I will say to you, honestly, it doesn’t matter what the primary end point is because I’ve never talked to parents in how — they don’t ask me what the primary end point of trials are. They — you might talk about what you’re measuring, but they are never going to depend on primary or secondary to make decisions. They want to look at all — the whole story. And that is what we’re going to provide, the whole story. We will have a receptive and express communication in our program. We’ll have answers for that, and we compare them. And the idea of what you position first is it’s more of a regulatory thing, has, I think, limited value and at least in rare. I know in other big market diseases, the primary end point and its exact crafting turns that into a big deal.

But in rare, I have not seen it happen. It’s not really mattered because people will look at all the data and incorporate it. Our plan then is to focus on the Bayley-4 cognition. We saw the best effect. It’s a fundamental brain function issue. But we’re also looking at the rest of the communication and other end points, one, through the multi-main responder index and then through individual secondary and tertiary end points. So we’ll be able to speak to all the issues, all the end points and be able to provide comparisons between the products as well. So I think that’s why I’m not as concerned about what people chose as primary. We have to do that for regulatory purposes. But in the real world, I never went to my doctor and said my primary end point is this, but my secondary is this.

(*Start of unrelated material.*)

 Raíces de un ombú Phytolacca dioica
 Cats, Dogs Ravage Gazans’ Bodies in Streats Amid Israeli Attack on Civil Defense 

And what can you do for me? And no one ever speaks that way. So I’m really comfortable with what we have. We’re covering every domain, and I think I feel good about the type of data we’ve seen so far in our expansion study. Patients make me confident that we’re going to see changes in communication and cognition and sleep and behaviors and fine motor and expressive. That will be, I think, an amazing future for Angelman patients, frankly, because who could have thought we could change a kid with severe developmental delay and actually start causing their brains to develop. I think it’s a miraculous situation. We’re really proud to be part of it.

Operator: And your next question comes from Gavin Clark-Gartner with Evercore ISI.

Gavin Clark-Gartner: Just wanted to ask on the ongoing Aspire Angelman study. Is there any commentary you can make on the variability you’re seeing, any of the blinded data, any of the baseline characteristics, really just anything that gives you confidence in the ongoing study?

Emil Kakkis: Well, the study is going well, and we’re confident. We normally do not talk about data on a trial when it’s ongoing. I don’t know, Eric, if there’s any high-level color you can provide and the patient population. I believe they’re very similar to the expansion patients we’ve already reported on.

Eric Crombez: Yes. No, exactly. And I think that’s important. We don’t bring untested things into Phase III and really carrying over our learnings and understanding from Phase II. So same entry criteria, same end points, same patient population and again, looking in Aspire for patients with full deletion. So those are patients, really expressing no protein, very consistent phenotype and the most severe end of that spectrum. So we do anticipate very consistent results just to what we saw in Phase II.

Operator: There are no further questions at this time. So I’ll hand the floor back to Joshua Higa for closing remarks.

Joshua Higa: Thank you. This concludes today’s call. If there are additional questions, please contact us by phone or at ir@ultragenyx.com. Thank you for joining us.

Operator: Thank you. All parties may now disconnect.